Jaap van Zuyden, diretor de música poderosa da Filarmônica de Nova York, anunciou na quarta-feira que deixará seu cargo no final da temporada 2023-24, dizendo que a pandemia o fez repensar sua vida e prioridades.

Van Zuyden, 60, disse em uma entrevista que a turbulência da pandemia o levou a reconsiderar seu relacionamento com a orquestra que tinha. Dirigiu Desde 2018, também com sua família, que ele raramente conseguia ver durante seus dias ao redor do mundo antes da crise de Covid. Ele disse que sentiu que era o momento certo para seguir em frente, já que a orquestra deve retornar ao recém-reformado David Geffen Hall no próximo outono, um ano e meio antes do previsto.

“Não é por frustração, não é por raiva, não é por causa de uma situação difícil”, disse ele. “É apenas uma questão de liberdade.”

Seu anúncio ocorre no momento em que a orquestra enfrenta uma série de desafios que ficam cada vez mais complexos à medida que tentam se recuperar da pandemia: a orquestra está sem-teto nesta temporada, tocando em locais pela cidade enquanto sua casa alta está em construção, e torcendo por isso . Faça um retorno triunfante ao Hall revisado na próxima temporada.

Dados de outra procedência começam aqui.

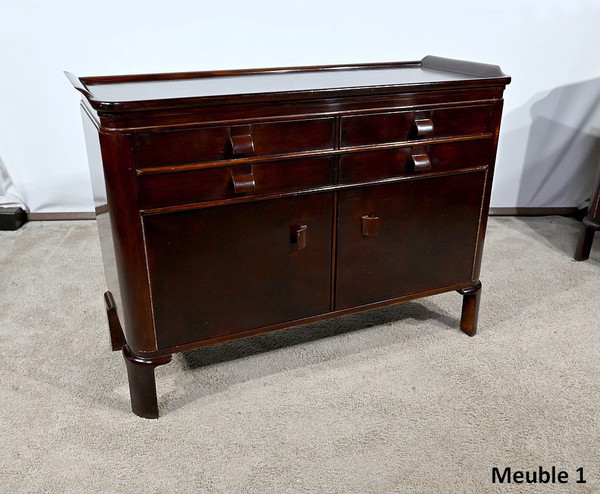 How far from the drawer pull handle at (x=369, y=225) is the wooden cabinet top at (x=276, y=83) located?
29 cm

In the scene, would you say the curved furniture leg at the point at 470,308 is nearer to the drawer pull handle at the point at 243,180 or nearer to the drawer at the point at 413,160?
the drawer at the point at 413,160

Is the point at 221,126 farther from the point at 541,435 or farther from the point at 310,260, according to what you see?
the point at 541,435

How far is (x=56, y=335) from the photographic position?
1.73 metres

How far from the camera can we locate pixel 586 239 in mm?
2205

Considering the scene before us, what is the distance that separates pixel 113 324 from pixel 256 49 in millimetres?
1262

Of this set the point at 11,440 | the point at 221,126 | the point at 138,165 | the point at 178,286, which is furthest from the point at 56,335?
the point at 221,126

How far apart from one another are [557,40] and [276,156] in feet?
5.55

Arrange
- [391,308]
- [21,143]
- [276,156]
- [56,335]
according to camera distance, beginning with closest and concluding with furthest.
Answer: [276,156] → [56,335] → [391,308] → [21,143]

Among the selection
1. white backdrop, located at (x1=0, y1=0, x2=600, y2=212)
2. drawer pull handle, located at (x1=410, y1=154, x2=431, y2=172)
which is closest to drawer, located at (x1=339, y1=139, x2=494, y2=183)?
drawer pull handle, located at (x1=410, y1=154, x2=431, y2=172)

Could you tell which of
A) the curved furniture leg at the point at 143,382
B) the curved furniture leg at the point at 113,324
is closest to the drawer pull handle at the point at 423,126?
the curved furniture leg at the point at 143,382

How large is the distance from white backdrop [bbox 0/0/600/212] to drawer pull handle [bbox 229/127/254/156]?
1.23m

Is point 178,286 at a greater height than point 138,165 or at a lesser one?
lesser

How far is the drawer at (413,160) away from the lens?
138 cm

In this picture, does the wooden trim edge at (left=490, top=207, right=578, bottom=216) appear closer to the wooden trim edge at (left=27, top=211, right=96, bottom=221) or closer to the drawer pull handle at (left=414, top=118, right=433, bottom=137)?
the drawer pull handle at (left=414, top=118, right=433, bottom=137) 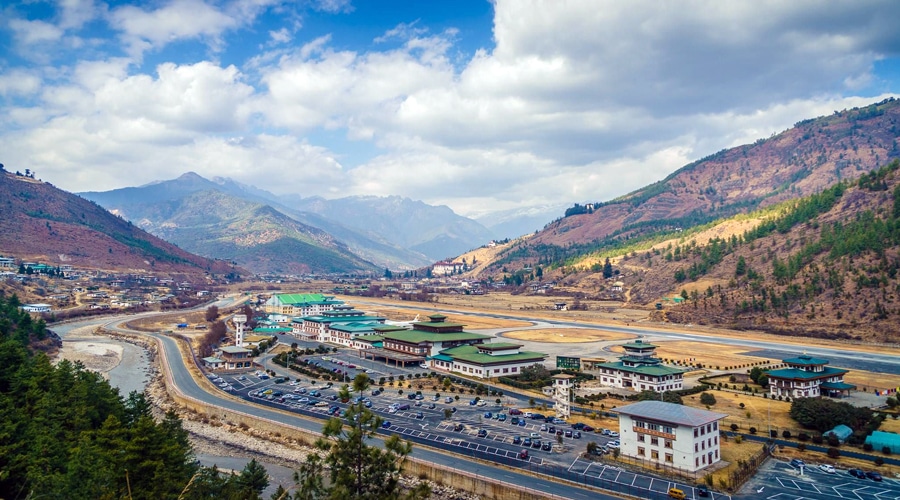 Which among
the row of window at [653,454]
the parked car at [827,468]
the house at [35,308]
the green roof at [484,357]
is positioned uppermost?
the house at [35,308]

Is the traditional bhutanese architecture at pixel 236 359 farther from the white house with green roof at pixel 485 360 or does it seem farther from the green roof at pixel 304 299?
the green roof at pixel 304 299

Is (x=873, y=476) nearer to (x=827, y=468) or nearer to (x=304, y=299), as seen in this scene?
(x=827, y=468)

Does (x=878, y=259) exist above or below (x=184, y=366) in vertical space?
above

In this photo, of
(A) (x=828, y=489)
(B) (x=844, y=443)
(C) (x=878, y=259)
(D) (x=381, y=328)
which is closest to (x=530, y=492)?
(A) (x=828, y=489)

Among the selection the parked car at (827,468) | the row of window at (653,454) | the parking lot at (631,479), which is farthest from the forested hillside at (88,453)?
the parked car at (827,468)

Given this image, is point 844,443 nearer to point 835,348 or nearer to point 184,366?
point 835,348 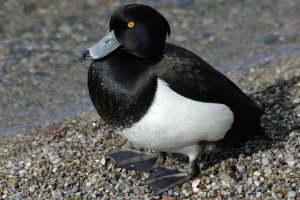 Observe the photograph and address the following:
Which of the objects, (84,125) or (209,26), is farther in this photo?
(209,26)

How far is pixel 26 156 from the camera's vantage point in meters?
5.27

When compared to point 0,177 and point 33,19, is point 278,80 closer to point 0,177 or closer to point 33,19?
point 0,177

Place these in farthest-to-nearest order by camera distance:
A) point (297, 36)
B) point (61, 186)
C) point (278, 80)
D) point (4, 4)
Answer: point (4, 4) → point (297, 36) → point (278, 80) → point (61, 186)

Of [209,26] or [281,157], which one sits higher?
[281,157]

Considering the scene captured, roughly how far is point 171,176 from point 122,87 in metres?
0.89

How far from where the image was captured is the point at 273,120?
550cm

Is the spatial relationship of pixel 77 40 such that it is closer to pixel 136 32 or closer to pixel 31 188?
pixel 31 188

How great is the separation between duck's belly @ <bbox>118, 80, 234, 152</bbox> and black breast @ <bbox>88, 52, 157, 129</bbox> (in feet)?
0.20

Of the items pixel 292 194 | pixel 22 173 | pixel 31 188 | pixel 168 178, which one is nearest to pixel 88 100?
pixel 22 173

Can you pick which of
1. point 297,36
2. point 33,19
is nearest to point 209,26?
point 297,36

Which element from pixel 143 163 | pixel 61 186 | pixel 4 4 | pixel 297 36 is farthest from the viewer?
pixel 4 4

O mandato de Van Zuyden não foi isento de críticas. Embora tenha sido elogiado por manter altos padrões artísticos, ele também enfrentou dúvidas sobre se tem o poder de estrela e a energia criativa necessários para liderar a Filarmônica, uma das melhores orquestras do mundo, em um momento de desafio e mudança.

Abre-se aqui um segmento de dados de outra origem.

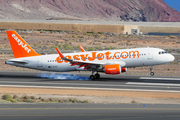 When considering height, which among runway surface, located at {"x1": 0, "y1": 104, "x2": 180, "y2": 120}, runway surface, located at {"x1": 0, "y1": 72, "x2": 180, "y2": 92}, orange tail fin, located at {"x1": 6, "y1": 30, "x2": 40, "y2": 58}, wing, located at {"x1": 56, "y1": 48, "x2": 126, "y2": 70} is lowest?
runway surface, located at {"x1": 0, "y1": 104, "x2": 180, "y2": 120}

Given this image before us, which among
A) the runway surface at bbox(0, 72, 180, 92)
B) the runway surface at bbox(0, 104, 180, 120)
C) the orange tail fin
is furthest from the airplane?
the runway surface at bbox(0, 104, 180, 120)

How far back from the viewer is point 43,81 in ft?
116

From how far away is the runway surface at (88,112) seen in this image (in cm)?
1770

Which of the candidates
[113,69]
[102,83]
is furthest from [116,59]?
[102,83]

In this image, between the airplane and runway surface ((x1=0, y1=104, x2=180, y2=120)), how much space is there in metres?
13.4

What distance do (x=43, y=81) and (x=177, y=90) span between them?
15449mm

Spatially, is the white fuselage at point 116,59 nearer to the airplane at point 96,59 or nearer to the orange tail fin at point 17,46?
the airplane at point 96,59

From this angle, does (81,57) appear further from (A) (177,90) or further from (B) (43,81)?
(A) (177,90)

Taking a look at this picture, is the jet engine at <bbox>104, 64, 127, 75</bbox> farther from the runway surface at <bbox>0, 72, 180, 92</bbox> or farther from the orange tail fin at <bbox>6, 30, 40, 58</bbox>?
the orange tail fin at <bbox>6, 30, 40, 58</bbox>

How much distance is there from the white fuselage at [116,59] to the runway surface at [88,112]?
573 inches

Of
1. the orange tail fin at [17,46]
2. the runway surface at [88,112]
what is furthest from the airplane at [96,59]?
the runway surface at [88,112]

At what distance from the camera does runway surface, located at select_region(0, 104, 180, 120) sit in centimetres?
1770

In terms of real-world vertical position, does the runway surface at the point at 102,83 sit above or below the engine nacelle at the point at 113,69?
below

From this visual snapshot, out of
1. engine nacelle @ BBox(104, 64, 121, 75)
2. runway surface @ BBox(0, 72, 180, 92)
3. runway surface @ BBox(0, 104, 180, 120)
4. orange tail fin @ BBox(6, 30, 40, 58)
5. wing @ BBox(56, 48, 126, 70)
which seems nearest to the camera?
runway surface @ BBox(0, 104, 180, 120) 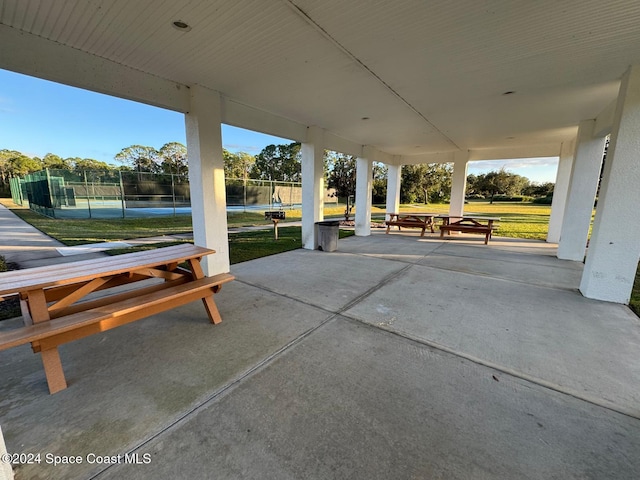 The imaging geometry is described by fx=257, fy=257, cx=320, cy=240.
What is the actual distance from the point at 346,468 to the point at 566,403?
68.8 inches

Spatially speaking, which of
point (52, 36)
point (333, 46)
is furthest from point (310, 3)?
point (52, 36)

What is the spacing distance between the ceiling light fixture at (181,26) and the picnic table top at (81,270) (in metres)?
2.39

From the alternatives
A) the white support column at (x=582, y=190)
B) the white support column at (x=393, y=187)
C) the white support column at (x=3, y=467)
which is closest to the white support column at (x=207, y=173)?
the white support column at (x=3, y=467)

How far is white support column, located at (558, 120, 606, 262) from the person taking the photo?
5.79 m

A pandemia atingiu enquanto ele estava se acomodando no emprego. Ele passou grande parte dos últimos 18 meses na Holanda, sua casa, enquanto a Covid-19 varria Nova York e a orquestra enfrentava uma das crises mais sérias de sua história.

O mandato de seis anos de Van Zuyden será o mais curto para qualquer diretor de orquestra desde Pierre Boulez, o compositor e maestro francês que liderou a orquestra por seis temporadas na década de 1970. Van Zuyden disse que planejava partir em 2023, quando seu contrato inicial estava prestes a expirar. Mas Deborah Borda, presidente e CEO da Filarmônica, o convenceu a adicionar um ano para dar à orquestra mais tempo para se acomodar em seu salão e procurar um sucessor.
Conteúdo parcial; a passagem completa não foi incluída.